Programming esprit d’escalier

by

Mixing Metaphors

Last night I was struck by a bolt of esprit d’escalier.*

Anecdotal Evidence

I was refactoring our part-of-speech tutorial to the new tagging interface introduced for CRFs. I’d spent over an hour stuck on a bug for unknown token evaluations, which had evocatively repeatable bug patterns. Finally, I had the sense to give up, get on the subway, and go home. As soon as I was sitting on my sofa watching Defying Gravity, it occurred to me what the problem was. I was updating the known token set for the initial segment of the test set and then recalculating test set scores. D’oh!

Down the Garden Path

The problem is that your brain gets into a rut. To borrow a metaphor from psycholinguistics, you wander down a programming garden path.

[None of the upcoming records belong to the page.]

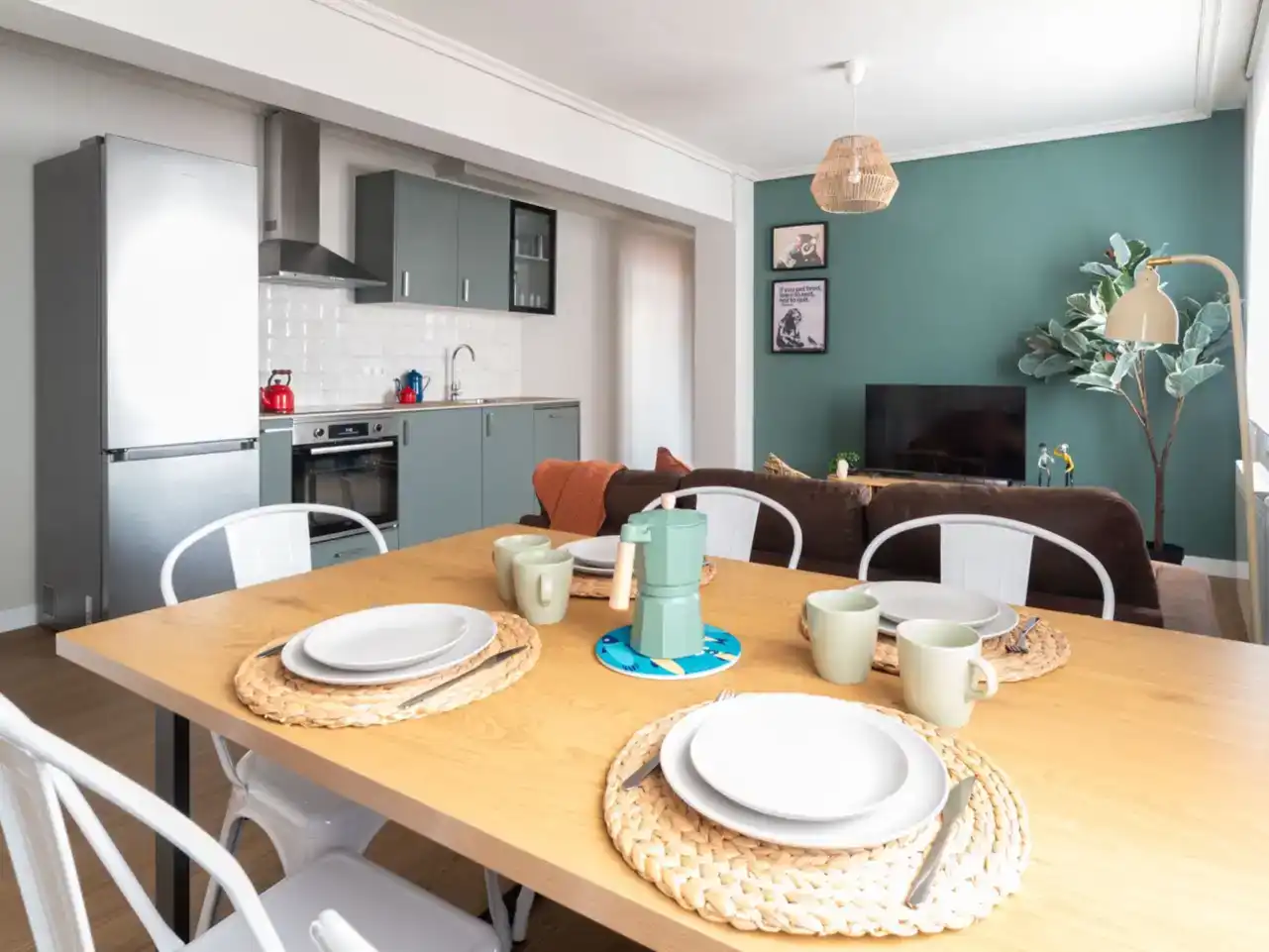 Wohnung 147 m² in Vigo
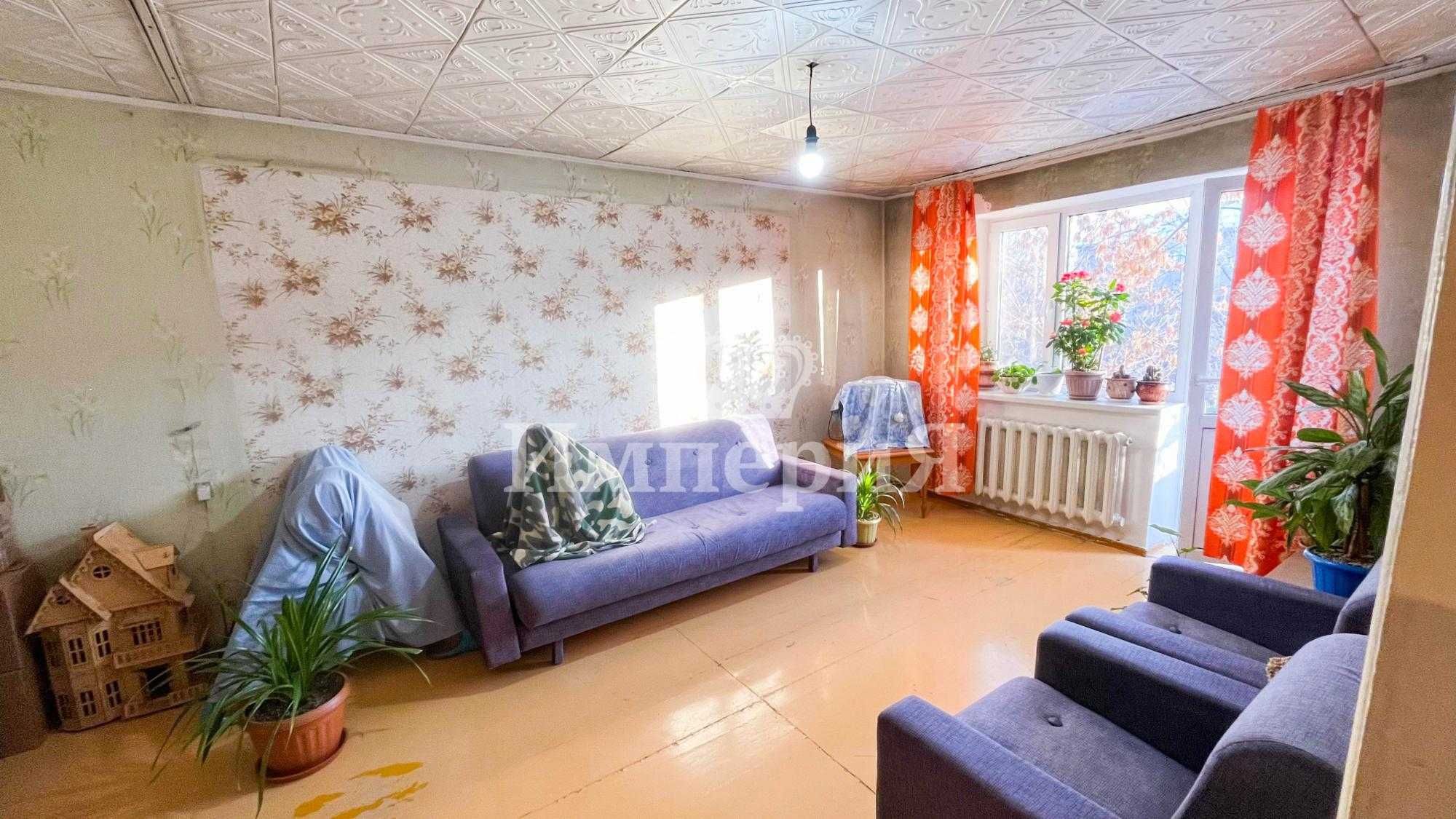 Продам 1ком мкр Жетису Дулат Империя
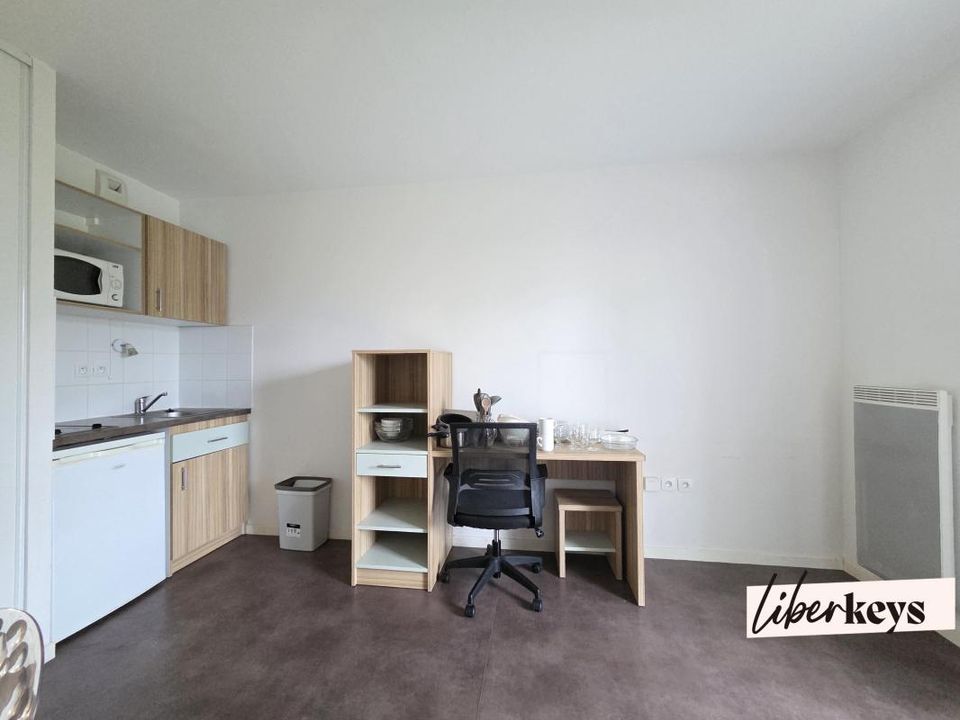 Studio i Carquefou, Loire-Atlantique - bilde 1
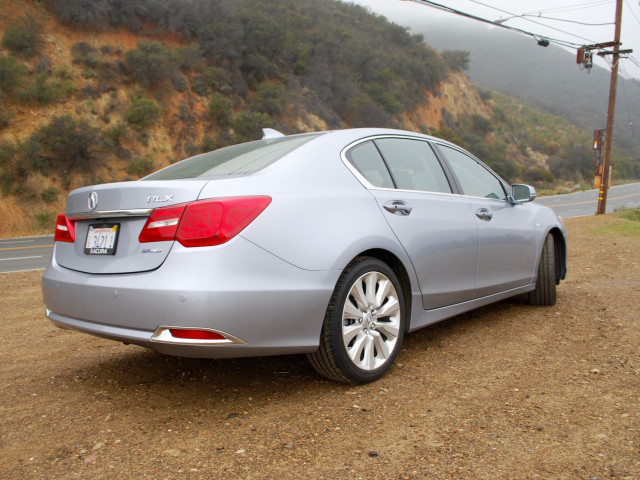 acura rlx pic #168096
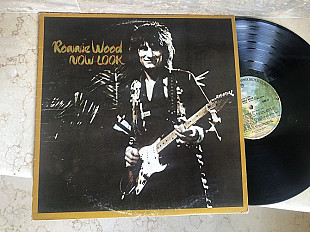 Ron Wood = Ronnie Wood – Now Look ( The Rolling Stones ) ( USA ) LP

The Zen of Being Your Own Rubber Ducky

Way back in high school (post-internt, pre-web), Douglas Hofstadter’s book Gödel, Escher, Bach introduced me to the joy of the kōan. I liked the one about running around the house without thinking about white elephants. That is exactly how it feels when you’re down the garden path, trying to escape the labyrinth to reach enlightenment.

I contend that if you were good enough at zen meditation, you could be your own rubber ducky.


* The Wikipedia translates the expression “esprit d’escalier” as “staircase wit” and defines it succintly as “thinking of a clever comeback when it is too late”. I love the Wikipedia; they even point to an esprit d’escalier-themed Seinfeld episode, “The Comeback”.

Hunt and Thomas introduced the term “rubber ducky” in their book The Pragmatic Programmer. It’s about how useful it is to explain your problem out loud, even if only to a rubber ducky. The best rubber ducky is another programmer who actually understands what you’re talking about at some level. Mitzi and I have found each other more useful than our cats as rubber duckies.